====== Supplied data ======

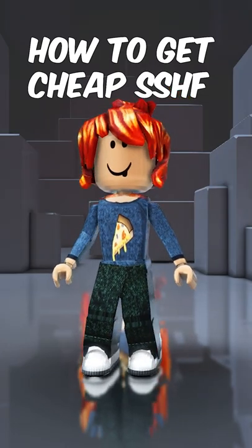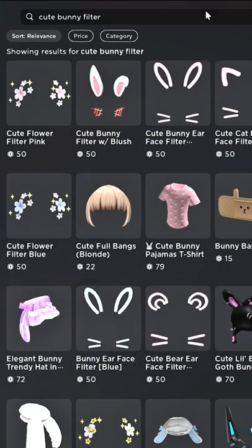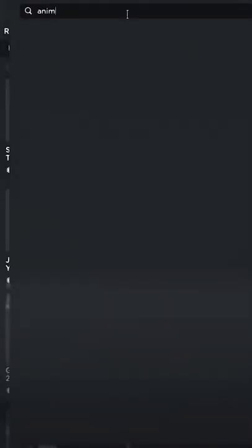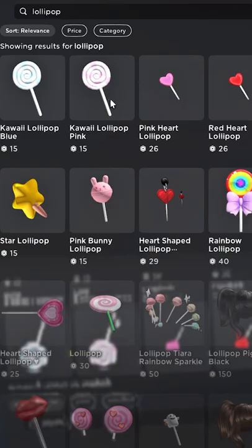Tutorial on how to get cheap Super Super Happy Face. Subscribe in the next two seconds. First, you need to buy the cute bunny filter, then you need to buy the anime surprise face. You will need this accessory to cover up the mouth.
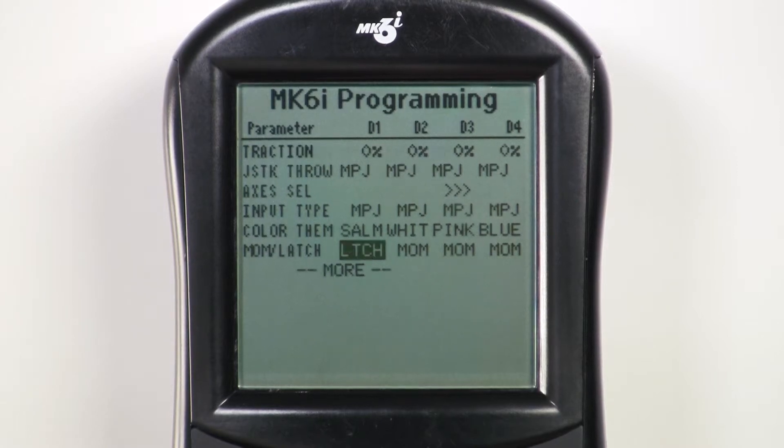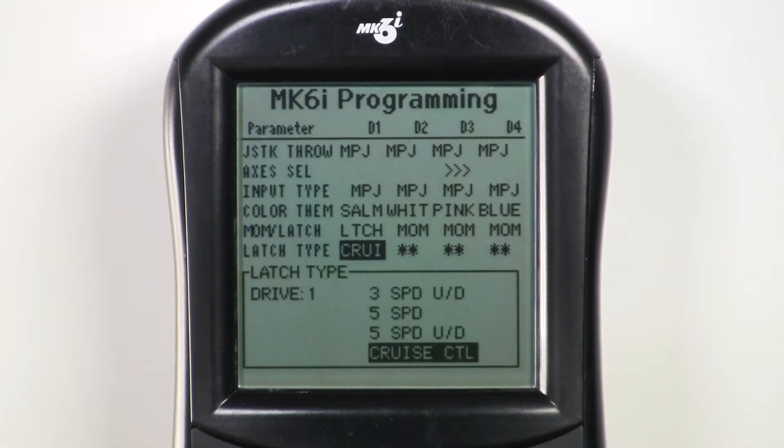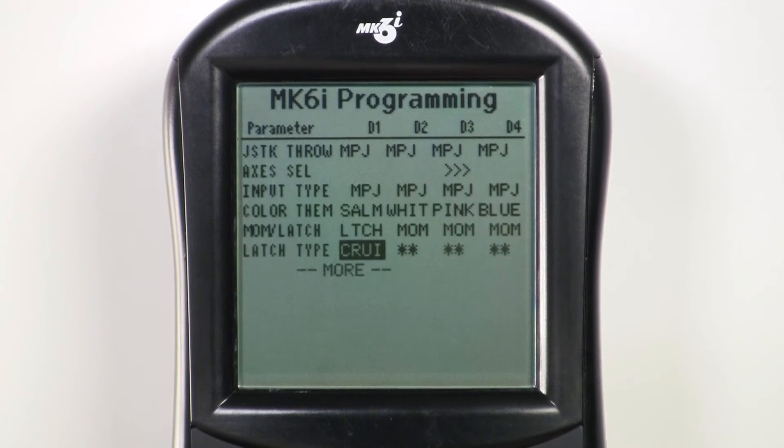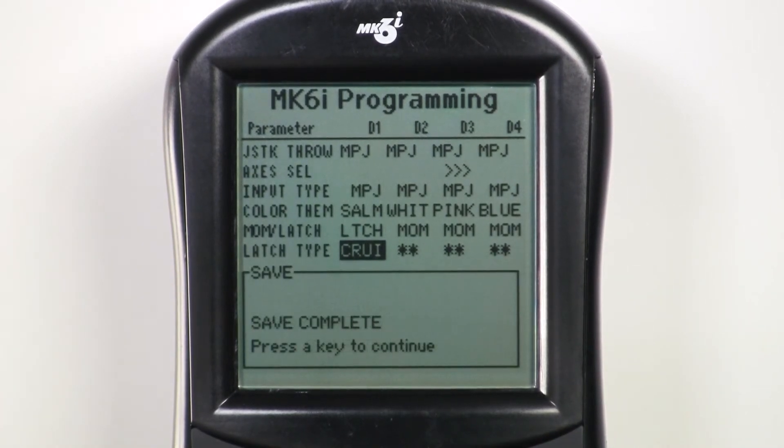Now scroll down one more spot and you'll see latched type has appeared on the programmer. Press select again and you can choose one of several latched types in the system. In this case we'll keep it on the default cruise control. Press select, then press save, and press save again. Pat yourself on the back — you've done it.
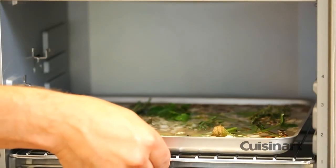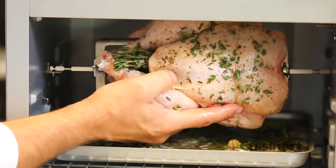Food slides onto the rotisserie tools with ease, and with the rotisserie fork, you can safely remove it.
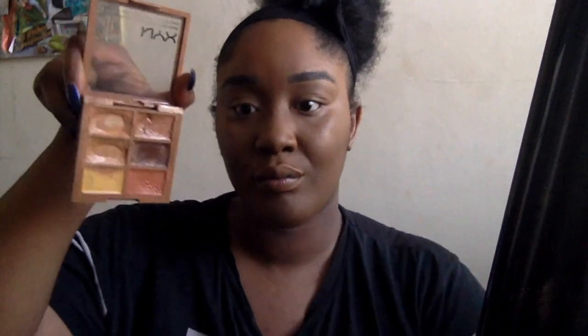Welcome or welcome back to Face With Tony. This week's video is focusing on highlighting, contouring and bronzing on dark skin.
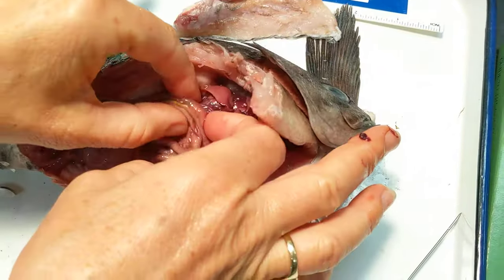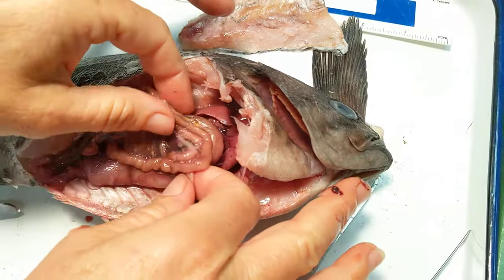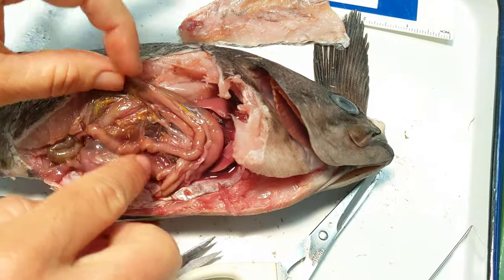We can start to follow along in the intestines. You can see the intestines wrapping around here, and the pyloric caeca with some fat reserves on them.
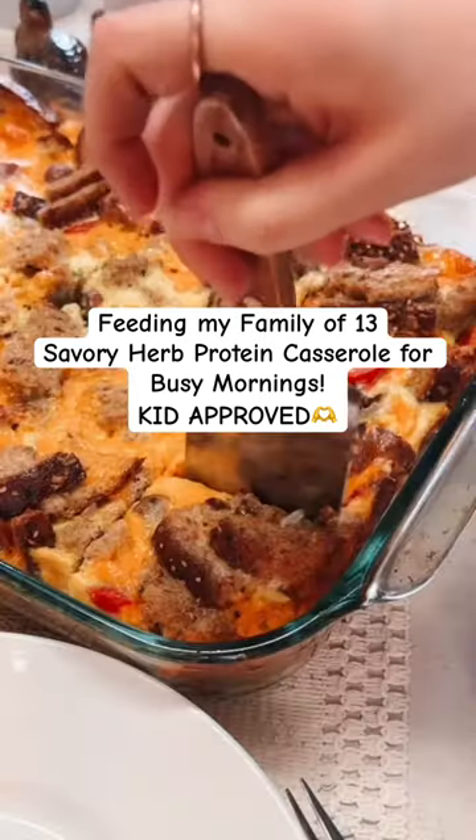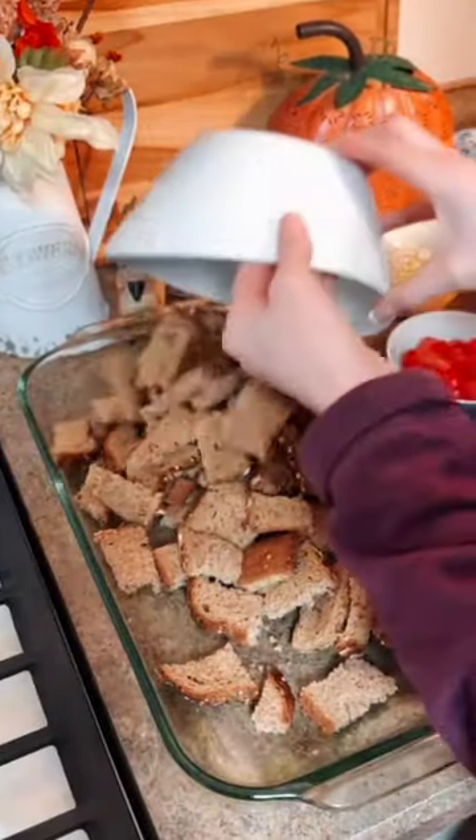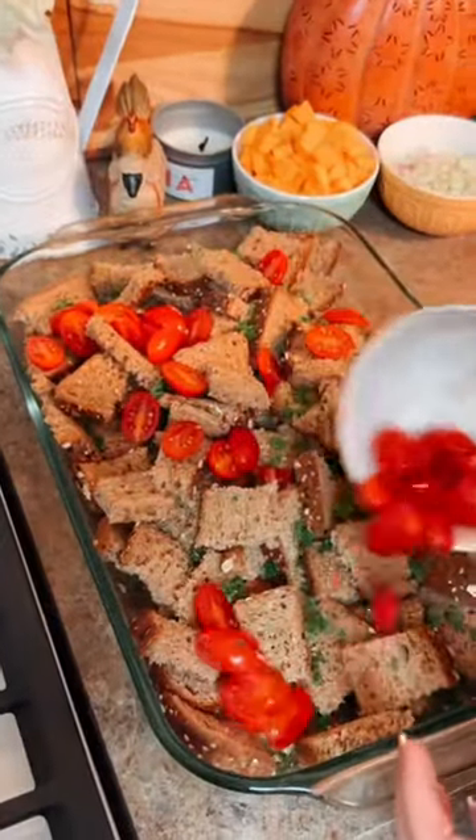Here's what my 11 children ate for breakfast. As a mother who is juggling homeschooling, endless household tasks, and a business, I understand the importance of starting the day off right with a nutritious and delicious meal for my children.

======

Work request: Where a picture appears, omit it; otherwise reproduce each line above from the first to the one with "We can start", inclusive.

Your response:
Tutorial on how to get cheap Super Super Happy Face. Subscribe in the next two seconds. First, you need to buy the cute bunny filter, then you need to buy the anime surprise face. You will need this accessory to cover up the mouth.
Now scroll down one more spot and you'll see latched type has appeared on the programmer. Press select again and you can choose one of several latched types in the system. In this case we'll keep it on the default cruise control. Press select, then press save, and press save again. Pat yourself on the back — you've done it.
Food slides onto the rotisserie tools with ease, and with the rotisserie fork, you can safely remove it.
Welcome or welcome back to Face With Tony. This week's video is focusing on highlighting, contouring and bronzing on dark skin.
We can start to follow along in the intestines. You can see the intestines wrapping around here, and the pyloric caeca with some fat reserves on them.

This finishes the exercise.